I’ve summarized the five goals outlined in the draft:
1. Revitalize the Waterfront – includes urban design excellence, increase tourism, make new amenities for both regional and local users, and approach the project as “an opportunity for City-building” in a global context
2. Reconnect the City with the Lake – create visual, physical and cognitive connections, design attractive public realm, connect downtown and new waterfront communities
3. Balance Modes of Travel – incorporate the likely modal shifts that will occur in transit in the coming decades
4. Achieve Sustainability – among other things, promote social engagement/interaction, integrate ecology and natural systems with urbanism, contribute to the improvement of public health including air quality
5, Create Value – using revitalization as a catalyst for investment and good development that “maximize net economic and environmental benefits”
Four broad alternatives will be studied in regards to the Gardiner Expressway:
1. “Do Nothing” – which, despite the sound of the title, entails $50 million over ten years in maintenance and upkeep
2. Improve – modify the Gardiner as well as Lake Shore Boulevard with “architecturally significant ‘wrapper’ around the structure,” possible relocation of some supports and on-ramps, etc
3. Replace – this includes potentially turning Lake Shore Boulevard into some sort of a hybrid street, possibly burying the tunnel or building a new elevated expressway above the rail corridor
4. Remove – expressway eliminated and replaced with a “lower-capacity, lower-speed facility” that would reconfigure Lake Shore Boulevard into a “grand street”
Waterfront Toronto has already publicly recommended pulling down the Gardiner, so the other three alternatives are in place to help make the EA more fair and unbiased.
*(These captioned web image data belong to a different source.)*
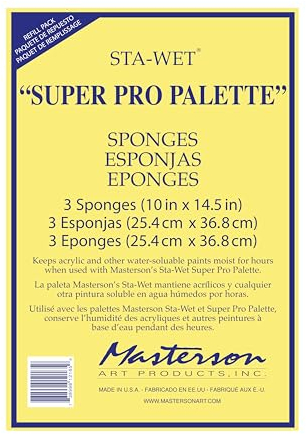 Masterson Sta-Wet Super Pro Refill Sponge, 10 X 14.5 inches, Package of 3 (1216.53)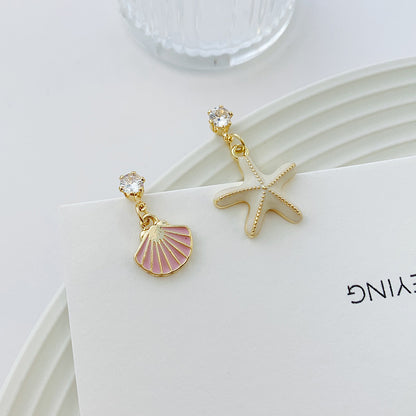 Asymmetric Shell Starfish Vintage Mosquito Coil Ear Clip Earrings-Jewearrings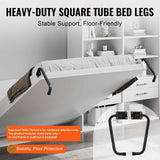 Murphy Bed Kit, Full Size, Vertical Deluxe DIY Wall Bed Mechanical Hardware Kit, Pneumatic Lever Heavy Duty Bed Frame Support, Folding Cabinet Wall Bed Space Saving Design for Guestroom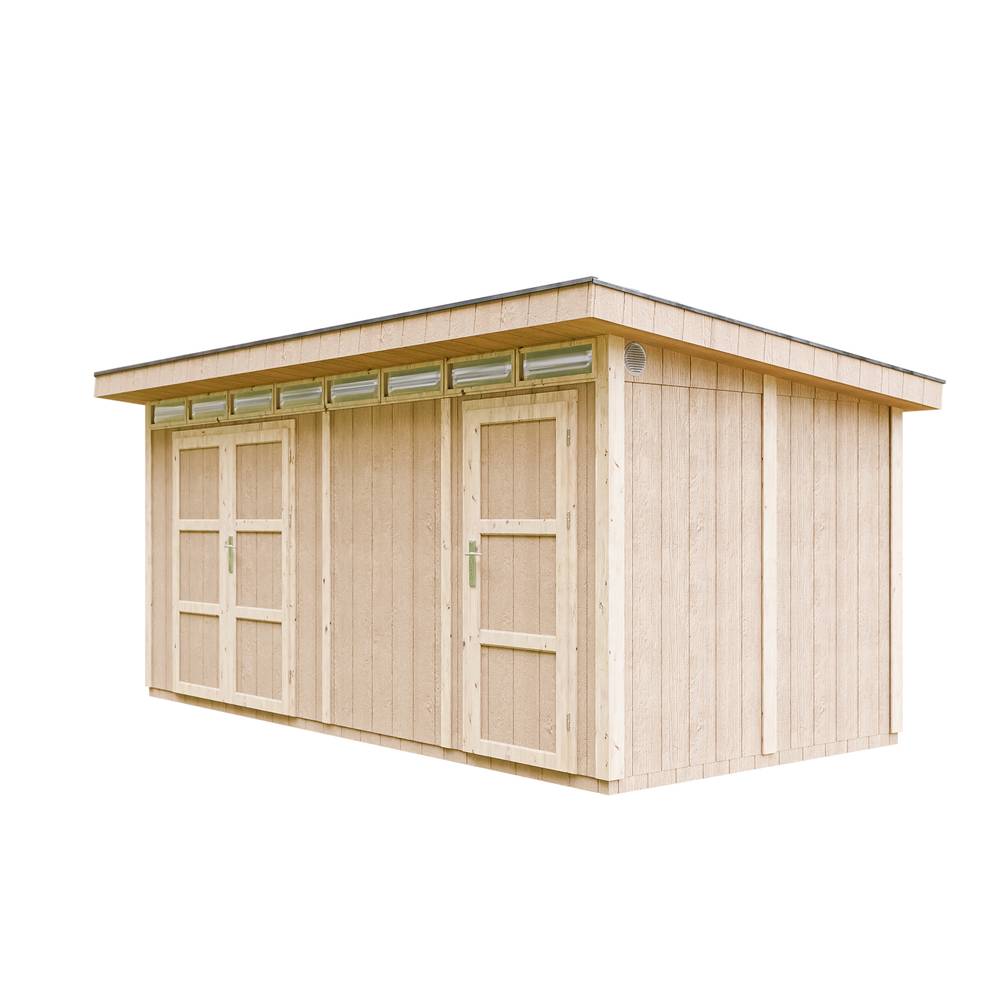 Timbela - Abri de Jardin Qualité Premium 8.52+2.95 m² - Kit tout compris avec sol, tuiles bitumineuses, set de peinture - Timbela M905C-CAVERN STEEL - Image 2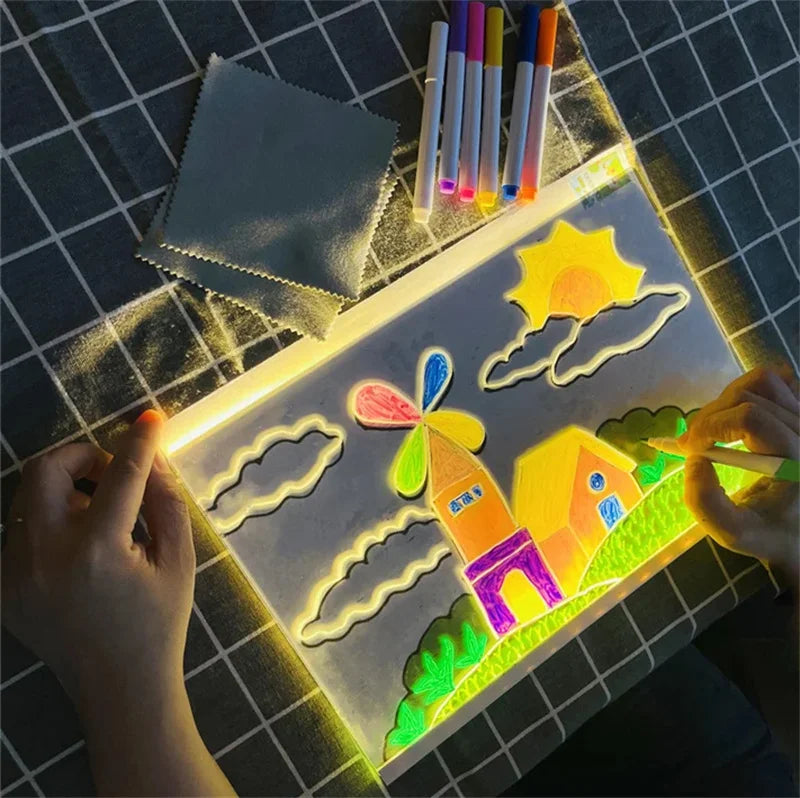 Luminous Acrylic Drawing Magic Led Transparent Board Note Board Kids Educational Gift With Stand 7 Color Markers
What’s nice about this EA, despite its unsurprisingly lengthy timeline, is that it includes an Urban Design component, where a master plan of potential land development layouts and the designs of 30% of created public spaces will be encorporated into the EA.
This means that upon completion in October 2011, there will be several alternative blueprints ready at hand to be used. Having such alternatives ready and incorporated into the EA process might help to make better use of the 3 years and $8 million worth of research that EA will turn up.
The biggest stumbling block the EA could encounter would be a change in political leadership. If there is radical shift in City Hall in the next three years, the EA could be discontinued before its study is completed. This could potentially stop all the momentum that is buildign in the waterfront revitalization project dead in its tracks.